Review: I'm a Stranger Here Myself by Bill Bryson


    In 1995, Bill Bryson moved his family from England, where he himself had resided for twenty years, to Hanover, New Hampshire for no other reason then “it seemed an awfully nice place”.  In 1996, an old friend of his, Simon Kelner, contacted Bryson to write a weekly column for the British magazine Night & Day about living in America.  In I’m a Stranger Here Myself: Notes on Returning to America After Twenty Years Away, Bryson catalogs his experiences returning to America, and the strange situations he constantly finds himself in a series of essays adapted from the columns written for Night & Day.

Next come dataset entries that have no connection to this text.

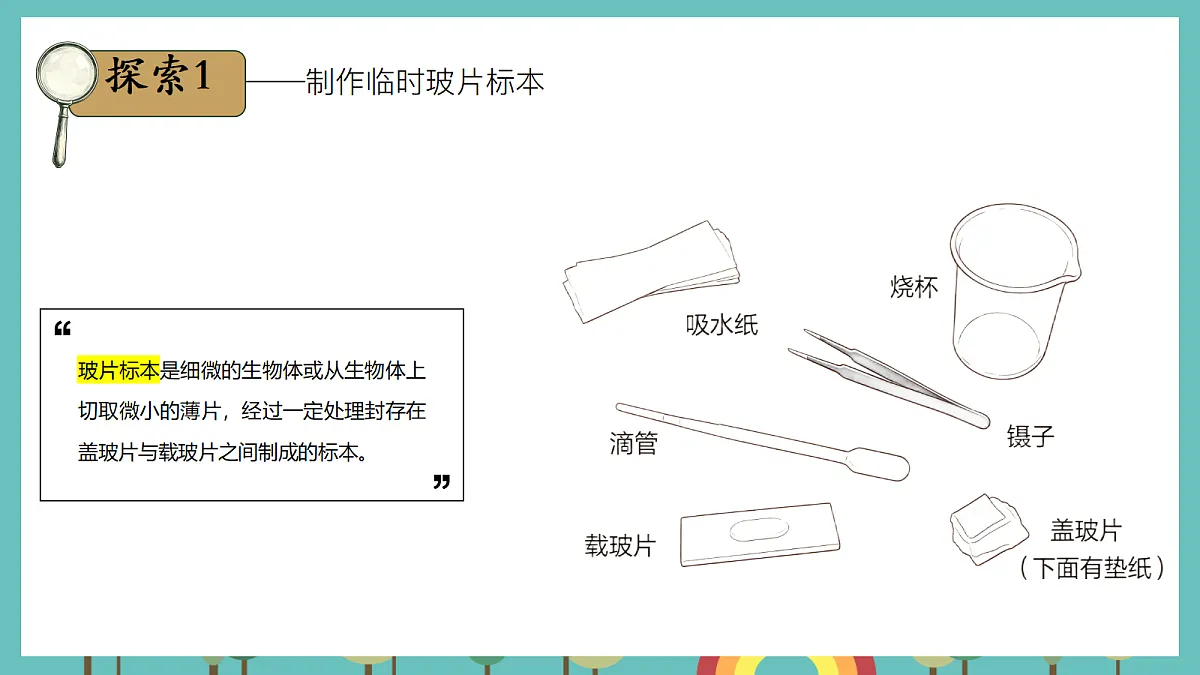 1.6 观察水中的微小生物 - 小学科学五级上册 同步教学课件(教科版2024)第4页
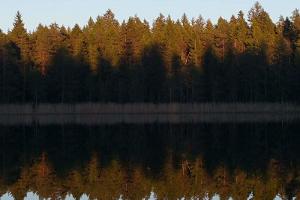 Äntu järvede puhkeala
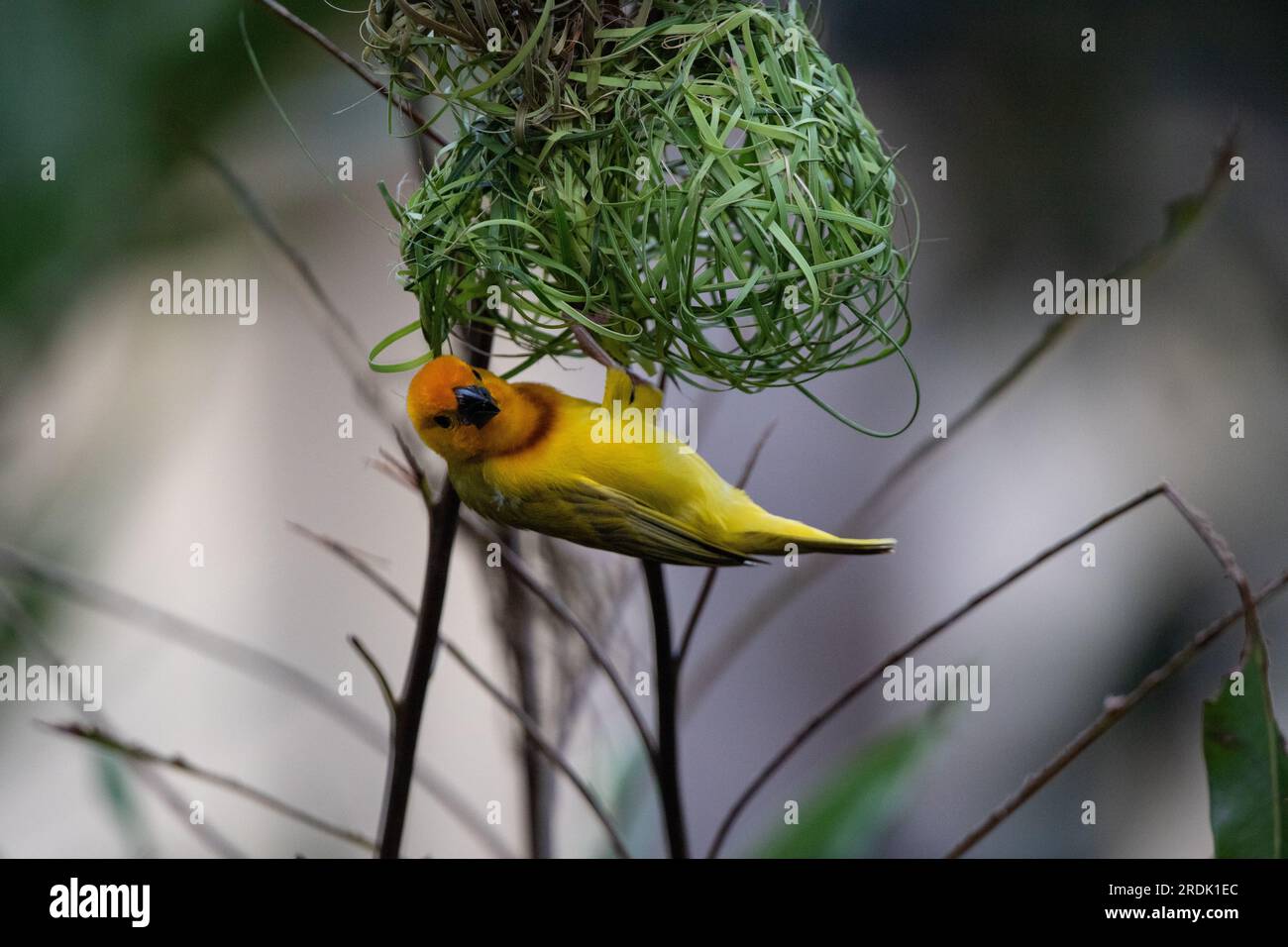 The weaver birds (Ploceidae) from Africa, also known as Widah finches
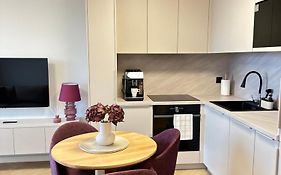 Apartament Premium Zamkowa C09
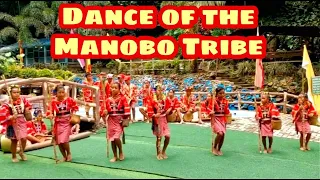 Dance of the Manobo Tribe in President Roxas, Cotabato Province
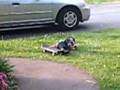 Boaz Wilde Peleg Skateboarding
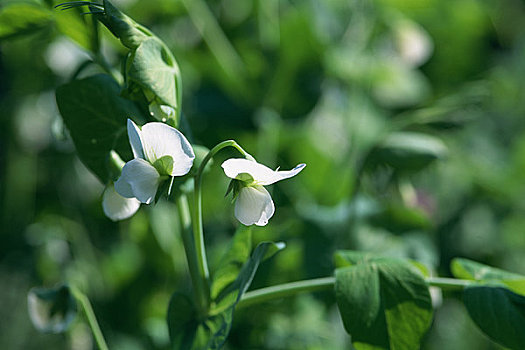 蓝色,豌豆,花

    In the first essay of the book titled, “Coming Home”, Bryson chronicles exactly how it feels returning to his home land:

    “Coming back to your native land after an absence of many years is a surprisingly unsettling
     business, a little like waking from a long coma.  Time, you discover, has wrought changed that
     leave you feeling mildly foolish and out of touch.”

This sense of bewilderment and displacement is evident through out the essays, which span topics from a visit to the barbershop to buying a new computer.  Everything that Bryson has done as an adult, such as taking out a mortgage or buying a new car, he has done in England first and adjusting to the “American Way” is turning out to be just a little difficult.

     The experiences Bryson had in England are what enables him to turn the habits of American society upside down, making the activities which Americans find so natural utterly absurd .  No essay shows this better than “Why No One Walks”:

    “The fact is, we not only don’t walk anywhere anymore in this country, we won’t walk anywhere,
     and woe to anyone who tries to make us, as a town here in New Hampshire called Laconia
     discovered to it’s cost. “

Essentially, the poor government officials in Laconia spent $5 million in order to make the downtown shopping district pedestrian friendly, and while it was a beautiful design it was also a  financial disaster, pushing away the shoppers, who having to walk a block back to the parking lot, turned their patronage to suburbian malls.  The charming quirk to refuse to walk is just one of the wonderful things about living in America Bryson points out.

    However it isn’t all tongue in cheek; Bryson does reflect on the good aspects America has to offer, such as Thanksgiving, in his essay “The Best American Holiday”:

     “Perhaps the nicest, and certainly the noblest, aspect of Thanksgiving is that it give you a formal,
       official occasion to give thanks for all those things for which you should be grateful.”

As Thanksgiving remains one of the least commercialized major holidays in America, we can all sit back and appreciate it’s simplicity.  Reading of Bryson’s fond memories from his childhood, and the warm feelings brought on from his current Thanksgiving allows readers to reflect back on their own memories and smile.

     Throughout the book Bryson manages to paint a wildly funny, and oftentimes biting, portrait of America, leaving no tradition unexamined, no idiosyncrasy unturned.  Seeing America from the view of an insider who became an outsider who became an insider is a refreshing and infuriating read.  If that sounded confusing , as soon as you pick up I’m a Stranger Here Myself you’ll see exactly what I’m talking about.


Bryson, Bill.  I’m a Stranger Here Myself: Notes on Returning to America After Twenty Years Away. New York, NY: Broadway Books, 1999. 288 pages. $14.95.